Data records
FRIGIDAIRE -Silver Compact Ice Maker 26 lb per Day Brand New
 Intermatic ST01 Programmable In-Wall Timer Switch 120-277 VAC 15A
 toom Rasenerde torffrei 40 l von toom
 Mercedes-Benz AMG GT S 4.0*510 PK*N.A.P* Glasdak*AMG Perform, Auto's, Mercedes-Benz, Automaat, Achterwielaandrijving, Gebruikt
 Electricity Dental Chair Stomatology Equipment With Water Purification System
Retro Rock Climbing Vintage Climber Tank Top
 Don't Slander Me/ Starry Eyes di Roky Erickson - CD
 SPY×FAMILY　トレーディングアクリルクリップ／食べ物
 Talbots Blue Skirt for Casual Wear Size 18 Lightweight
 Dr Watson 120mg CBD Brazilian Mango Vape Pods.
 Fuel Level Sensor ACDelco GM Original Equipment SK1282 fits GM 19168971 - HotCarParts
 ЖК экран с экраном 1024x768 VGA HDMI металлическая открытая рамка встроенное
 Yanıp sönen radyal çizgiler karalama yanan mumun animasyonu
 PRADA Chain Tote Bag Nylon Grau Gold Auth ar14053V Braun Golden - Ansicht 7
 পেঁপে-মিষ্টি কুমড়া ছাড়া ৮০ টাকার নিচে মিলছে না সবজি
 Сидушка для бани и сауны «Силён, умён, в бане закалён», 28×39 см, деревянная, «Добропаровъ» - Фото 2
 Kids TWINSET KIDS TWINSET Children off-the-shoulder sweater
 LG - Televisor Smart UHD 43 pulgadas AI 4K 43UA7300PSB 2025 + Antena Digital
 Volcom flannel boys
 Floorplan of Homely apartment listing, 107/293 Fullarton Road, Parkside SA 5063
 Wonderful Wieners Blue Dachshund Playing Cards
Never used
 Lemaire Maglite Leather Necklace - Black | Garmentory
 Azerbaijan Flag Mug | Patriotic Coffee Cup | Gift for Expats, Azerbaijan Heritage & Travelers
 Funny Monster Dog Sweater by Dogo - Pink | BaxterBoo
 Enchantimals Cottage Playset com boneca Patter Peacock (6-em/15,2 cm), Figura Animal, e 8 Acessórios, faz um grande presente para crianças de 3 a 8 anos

*Work instruction*
All lines of the entries containing the string "Equipment" must be shown in full.

*Solution*
 Electricity Dental Chair Stomatology Equipment With Water Purification System
 Fuel Level Sensor ACDelco GM Original Equipment SK1282 fits GM 19168971 - HotCarParts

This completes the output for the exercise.